Why Are You Filling the Black Filing Cabinet?
26 December 2019
As a teenager, I inherited an old filing cabinet from my father. The filing cabinet was made of black metal. It had four drawers, stacked on top of each other. And each drawer was filled with green folders.
The folders were empty when I received them. My father had transferred his papers to new filing cabinets. And the empty green folders had become mine to fill.
But there were still two papers on the outside of the filing cabinet. My father had attached them to the black metal with clear tape. Both were white. And each bore a quote, printed in black ink.
The first quote was attributed to Spencer W. Kimball. He was president of The Church of Jesus Christ of Latter-day Saints when my father had taped the paper to the filing cabinet. Kimball had since died. Here’s the quote:
“Do it. Do it right. Do it right now.”
The second quote was attributed to Theodore Roosevelt. He was president of the United States four decades before my father was born. Here’s the quote:
“It is not the critic who counts; not the man who points out how the strong man stumbles, or where the doer of deeds could have done them better. The credit belongs to the man who is actually in the arena, whose face is marred by dust and sweat and blood; who strives valiantly; who errs, who comes short again and again, because there is no effort without error and shortcoming; but who does actually strive to do the deeds; who knows great enthusiasms, the great devotions; who spends himself in a worthy cause; who at the best knows in the end the triumph of high achievement, and who at the worst, if he fails, at least fails while daring greatly, so that his place shall never be with those cold and timid souls who neither know victory nor defeat.”
The papers bearing these quotes were on a side of the filing cabinet. I left them there.
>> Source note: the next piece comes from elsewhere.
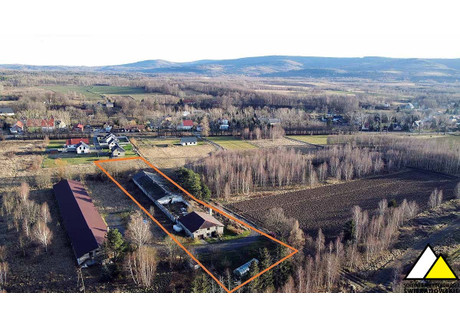 Działka na sprzedaż - Mroczkowice Mirsk, Lwówecki, 7300 m², 693 500 PLN, NET-55560691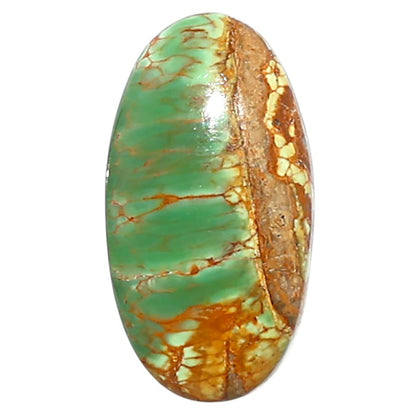 Natural Australian Variscite 12.6x23.7x5 mm Oval Shape Polished Gemstone LS99-010014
And, when arranging the furniture in my bedroom, I positioned that side of the filing cabinet to be visible from my bed.
For years, the papers stared at me like large white eyes in the darkness before dawn and after dusk. That’s how I remember them. Now, the filing cabinets are long gone and its papers have become digital. But the quotes continue to stare at me.
I don’t want to be the critic. I don’t want to deconstruct. I do both. But they aren’t what I want.
I want to create. I want to create with other creators. And I want our criticisms and deconstructions to be only, and never more than, deliberate instrumental means toward creation.
I don’t want to be careless or afraid. I don’t want to be the detached ascetic. And I don’t want to be the clinging apologist.
I want to love, deeply and broadly and with power. I want to love this world, this body and mind, and these relationships. This and these! Here and now!
And I want to love them as they are. I want to love them as evolutions from the past, transformations to the future, and integrations within the universe.
When I’m at my best, these are my motivations. My best hope is that we will care, act, suffer, and thrive together. My best prayer is for you to join me, and for me to join you, as those who are capable of true friendship.
In any case, we’re all burying papers in green folders that decay into black filing cabinets. Do you have any papers on the outside of your filing cabinet? And, if so, what do they say? Are they just descriptive labels or something more?